Amidst low residential real estate sales and freeze of funds by NBFCs and banks, developers have found opportunity for strata sale (sales to retail or individual investors) in ownership offices as part of commercial developments.
Ownership office is an investment offering to high net worth individuals (HNIs) and prospective companies to own their office space.
“Developers have resorted to strata sale in order to maintain their cash flows, many have been gradually listing anywhere between 25 per cent and 40 per cent of their office supply for strata sale,” Anuj Puri, Chairman, ANAROCK Property Consultants, told BusinessLine.
Early last year, realty major Prestige Estates announced its plan to resume strata sales of at least 25 per cent of its office assets to individual investors. Brigade Enterprises, too, has begun to pursue it.
“Ownership offices have always been attractive for investors as they are annuity income-yielding assets that appreciate year on year. The most popular sizes for ownership range from 2,500 square feet to 10,000 square feet. However, in some cases, it can be much higher,” said Nirupa Shankar, Executive Director, Brigade Enterprise.
“SMEs also prefer to buy into ownership offices for self-use rather than paying rent. To cater to this segment, we have close to 10 lakh square feet of office space, spread across three properties specially designed for ownership offices,” she added.
Rental yield
Puri said: “Given that residential (real estate) has yielded almost negligible returns over the last five to six years, many of the investors are turning their focus on commercial assets for higher returns. NRIs and HNIs form a bulk of these investors. Thus, given the viability, it’s turning to be a win-win deal for both investors and developers alike.
“For developers, it gives them the required liquidity to scale up their business, while for investors, it renders an opportunity to earn high returns. Not just that, it also helps developers to do away from the hassles of managing a property.”
According to Vishal Ahuja, India Head – Private Wealth Group, JLL, “Rental yield for an office asset varies. Broadly it could be 8-8.5 per cent. In a scenario where the developer’s team assists on the leasing side, there is an asset management fee charged by the developer. Hence, the net yield reduces accordingly.”

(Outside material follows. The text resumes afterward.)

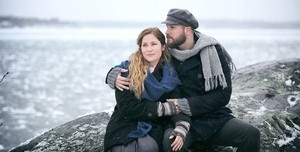 Helsingin Kaupunginteatterin juhlamusikaalin, Myrskyluodon Maijan, p&auml;&auml;parina n&auml;hd&auml;&auml;n Laura Alaj&auml;&auml;ski ja Aaro Wichmann.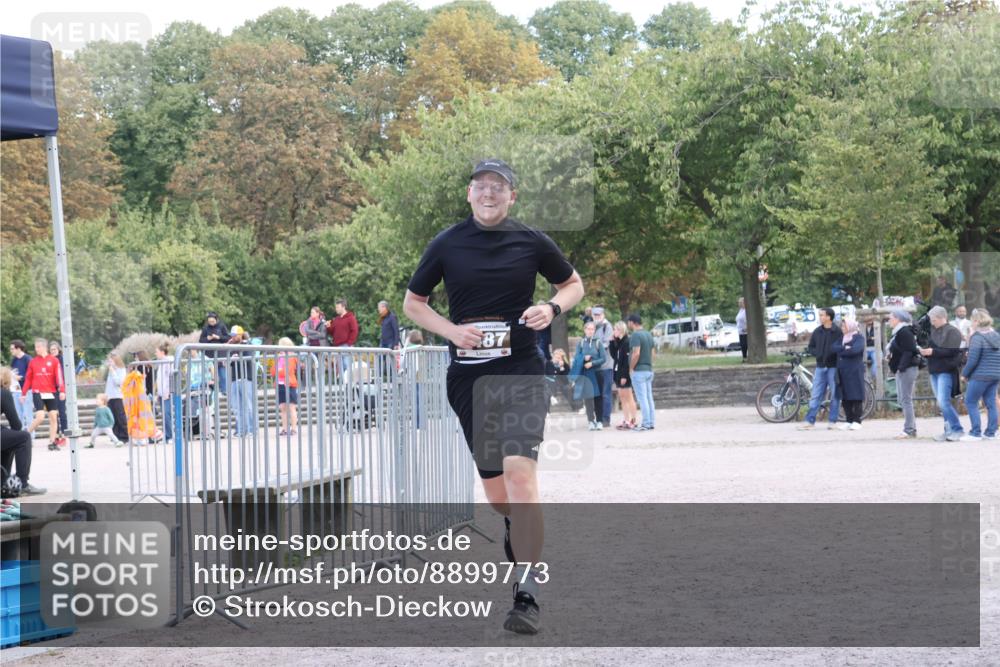 14.09.2025 - Stadtparktriathlon Strokosch-Dieckow http://msf.ph/oto/8899773 14.09.2025 14:16:35 Ziel 1487 meine-sportfotos.de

In terms of yield, ANAROCK research indicates that Grade A commercial properties generate 7-9 per cent yields while non-Grade A assets potentially deliver 9-10 per cent. The yield has reduced marginally for both sets amidst the pandemic.
“In fact, the Indian strata sale market is becoming increasingly attractive even for smaller investors. A well-chosen CRE (commercial real estate) play in a tier II city can begin at as low as 10 lakh. The upper limit for investing in Grade A assets in the metros is, of course, somewhere in the stratosphere,” explained Puri.